• **Data**:
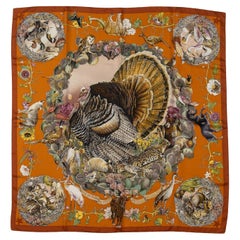 Hermès Brown Texas Wildlife Scarf Oliver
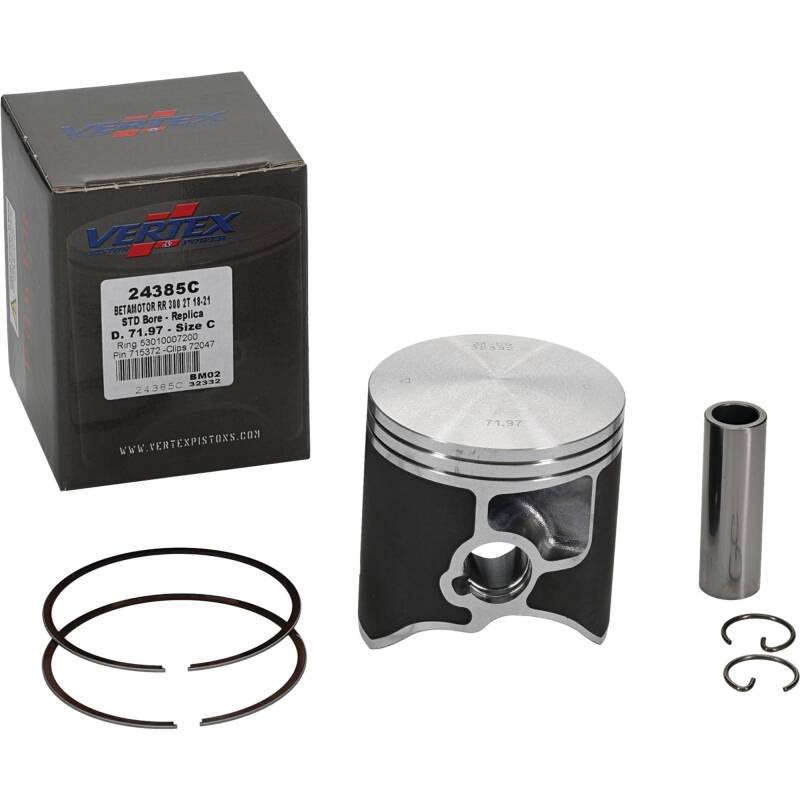 Vertex Pistons Vertex Piston 18-21 Beta RR 2T 300 300cc Cast Replica Piston Kit 24385C 24385C Photo - Primary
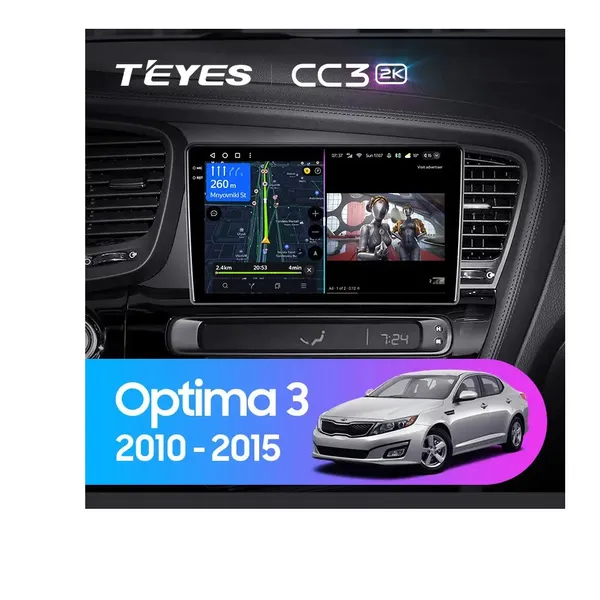 Штатна магнітола Teyes CC3 2k 4+32 Gb Kia Optima 3 TF 2010-2015 (A)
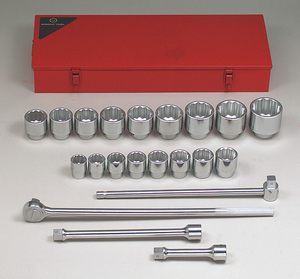 SOCKET WRENCH SET SAE 1 IN DR 21 PC by Wright Tool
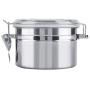 fosa Coffee Container, Stainless Steel Coffee Container Vacuum Sealed Storage Jar Kitchen Dry Food Pantry Containers for Pasta, Tea, Coffee, Cookies, Candy(800ml)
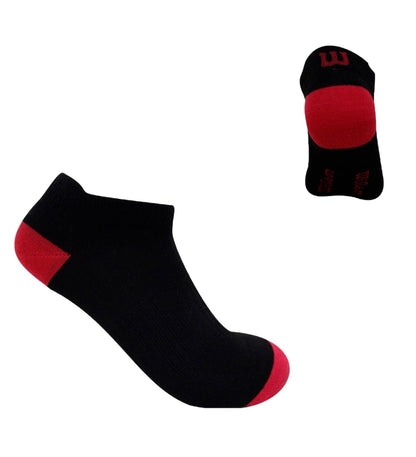 Wilson 20 Piezas Tin para Dama, color Negro/Fiusha, S/Felpa, Talla Unica, B1038
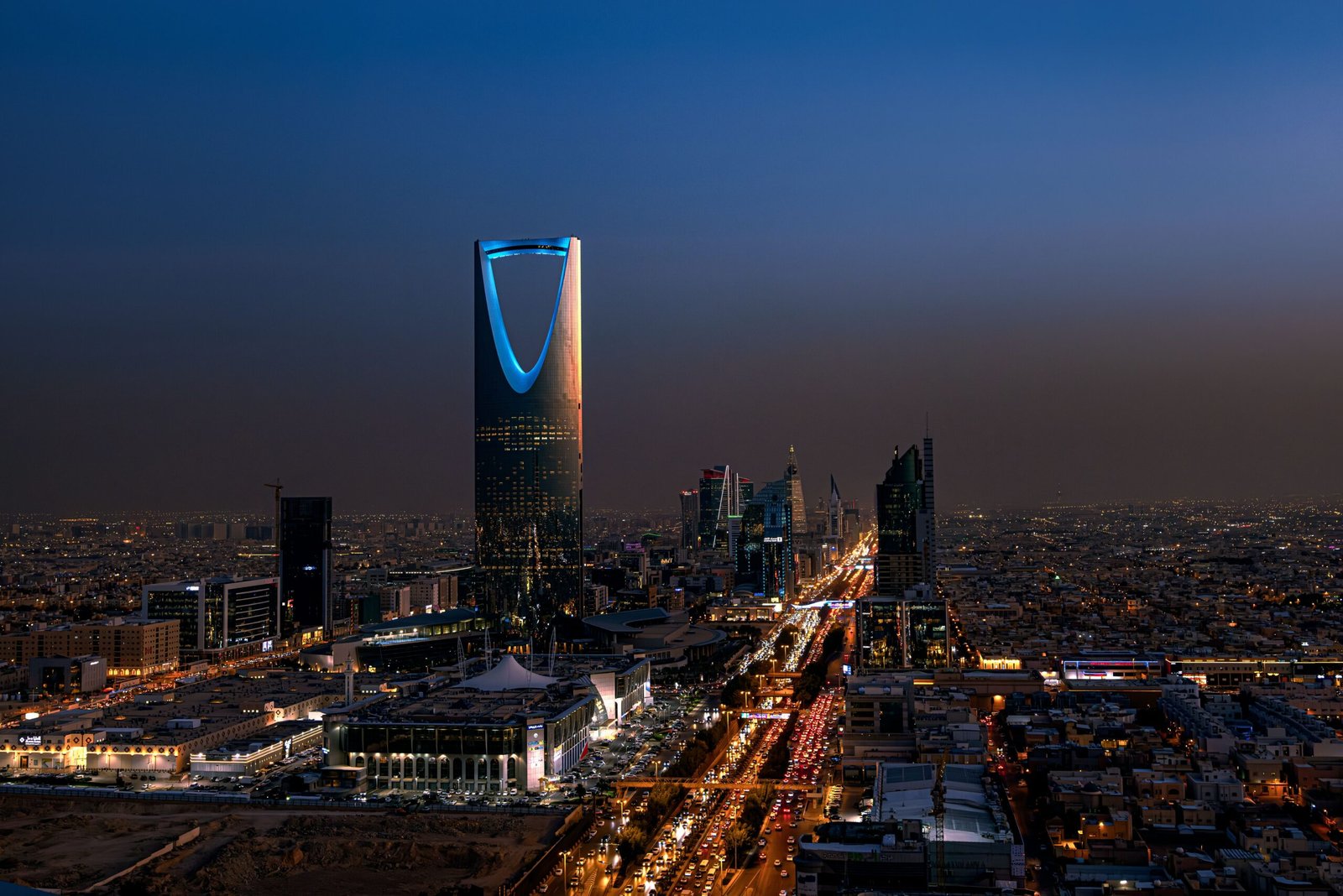 Start with Kingdom Centre and a skyline viewpoint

• **Task instructions**: Please restate the whole listing exactly, without any of its pictures.

• **Task response**:
 Hermès Brown Texas Wildlife Scarf Oliver
 Vertex Pistons Vertex Piston 18-21 Beta RR 2T 300 300cc Cast Replica Piston Kit 24385C 24385C Photo - Primary
 Штатна магнітола Teyes CC3 2k 4+32 Gb Kia Optima 3 TF 2010-2015 (A)
 SOCKET WRENCH SET SAE 1 IN DR 21 PC by Wright Tool
 fosa Coffee Container, Stainless Steel Coffee Container Vacuum Sealed Storage Jar Kitchen Dry Food Pantry Containers for Pasta, Tea, Coffee, Cookies, Candy(800ml)
 Wilson 20 Piezas Tin para Dama, color Negro/Fiusha, S/Felpa, Talla Unica, B1038
 Start with Kingdom Centre and a skyline viewpoint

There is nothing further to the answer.